著作権侵害を防ぐには裁判しかない、東野圭吾氏らが自炊代行業者を再び提訴


 東野圭吾氏や弘兼憲史氏ら作家・漫画家7人は27日、裁断機やスキャナーを用いて書籍を電子化する、いわゆる“自炊”の代行業者7社を相手取り、自炊代行の差し止めと損害賠償を求める訴えを東京地方裁判所に提起した。

 訴えられたのは、「ブックコピー」(相模原市)、「Scan Agent」(大田区)、「00paper.com」(港区)、「PDFBOOKS」(新宿区)、「ヒルズスキャン 24」(港区)、「電子書籍化ドットコム」(江戸川区)、「スキャポン」(葛飾区)の7事業者とその代表者。原告は東野氏、弘兼氏のほか、浅田次郎氏、大沢在昌氏、永井豪氏、林真理子氏、武論尊氏。

 原告側は、不特定多数の利用者から注文を受け、多くの書籍をスキャンして電子ファイルを作成し、納品する行為について、書籍の著作権者の許諾なく行うことは、著作権法21条の複製権侵害に該当すると指摘。2011年9月には、スキャン事業者98社に対して、自らの作品をスキャンして電子化することは許諾しない旨を書面で通知するとともに、サービスの存続意志を質問書で確認していた。

 その結果、被告7社のうち4社は回答せず、1社は「今後も引き続き、原告らの作品について注文があった場合はスキャン及び電子ファイル化を行う」と回答、2社は「原告らの作品についてスキャンしない」と回答していた。実際には被告7社はその後も営業を継続し、原告作品の書籍も受注スキャンしていたことから、原告は著作権法112条1項に基づいて自炊代行の差し止めを請求し、損賠賠償を求めることとなった。

極めて悪質な業者も

 なお、2011年12月には今回と同じ原告7人が、質問状に対して「今後も引き続き、原告らの作品について注文があった場合は、スキャン及び電子ファイル化を行う」と回答した有限会社愛宕およびスキャン×BANK株式会社に対して、自炊代行の差し止めを求める訴えを提起。この裁判は2012年4月、被告会社の解散と請求の認諾により終結した。

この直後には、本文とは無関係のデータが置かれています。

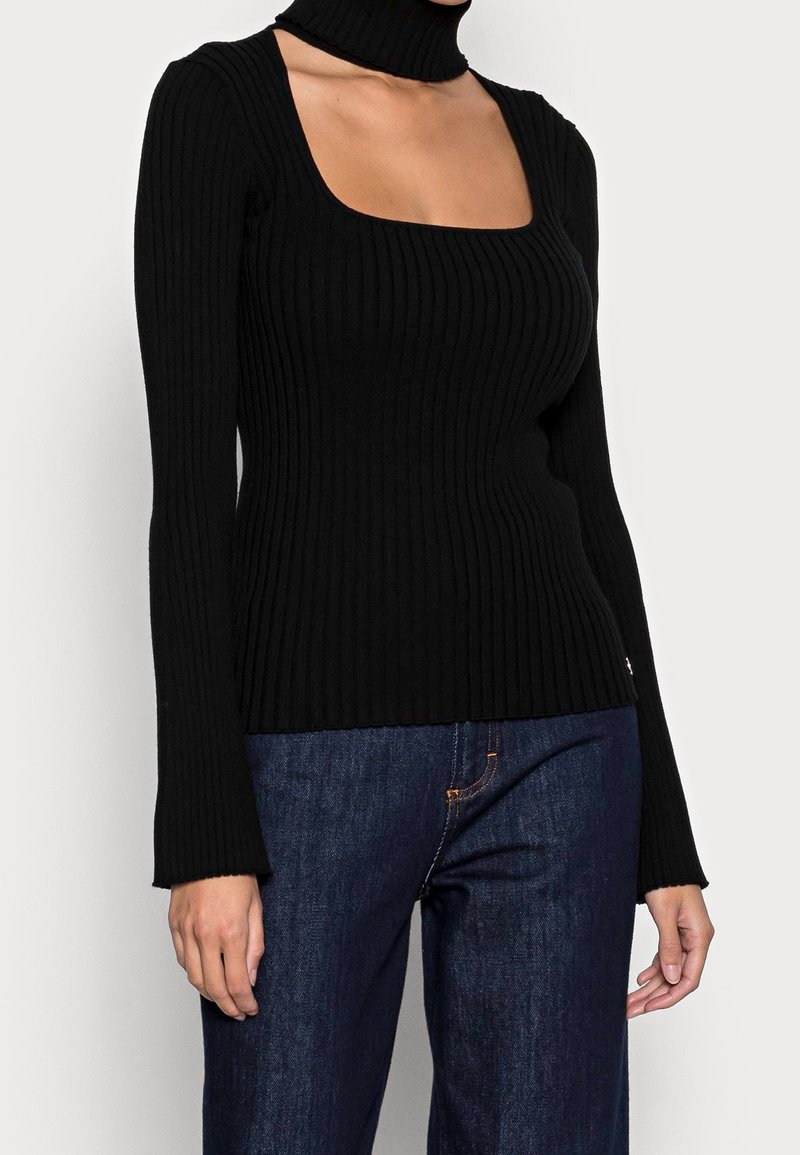 Femme portant un haut noir côtelé à manches longues avec un décolleté carré et un col roulé découpé, associé à un jean denim bleu foncé.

 今回訴えた7社について原告側は、自炊代行の違法性を十分承知できる立場にもかかわらず、依然として広く顧客を募り、スキャン事業を継続していると指摘。うち2社は「原告らの作品についてスキャンしない」と回答しながら、実際には原告作品を受注スキャンするなど「極めて悪質」だとしている。

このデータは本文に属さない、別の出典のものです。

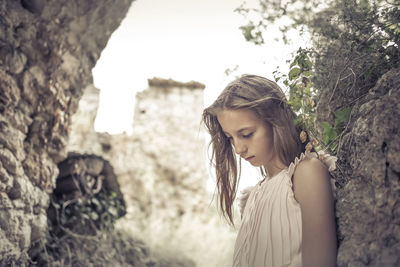 Portrait of beautiful woman standing against trees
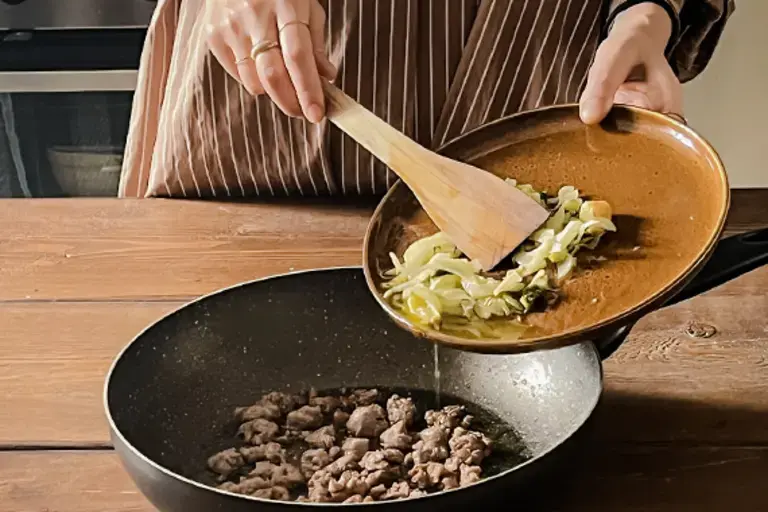 Chefs adds fennel mixture to the pan.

 「被告らによる著作権侵害のおそれを解消するには、裁判による判決を得る以外の方法がないとの結論に達した。」

 原告側は、スキャン事業者により大量に作成される電子ファイルは通常、複製防止処置等(DRM)が施されておらず、誰もが自由に複製できると指摘。そのため、電子ファイルは友人らに転々と複製され拡散されたり、違法なインターネット上へのアップロードやファイル交換ソフトなどにより一気に拡散する危険性があると見ている。

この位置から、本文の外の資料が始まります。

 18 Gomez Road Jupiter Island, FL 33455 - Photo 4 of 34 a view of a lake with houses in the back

 最近では「リーチサイト」といわれる追跡が困難な海賊版サイトが蔓延するなか、こうしたファイルが、本来の私的複製では到底困難な規模と分量で不特定多数のユーザーに提供されているとも指摘。また、インターネット上では、裁断本の買い取り・販売が後を絶たず、Yahoo!オークションだけでも約2000件が出品されているという。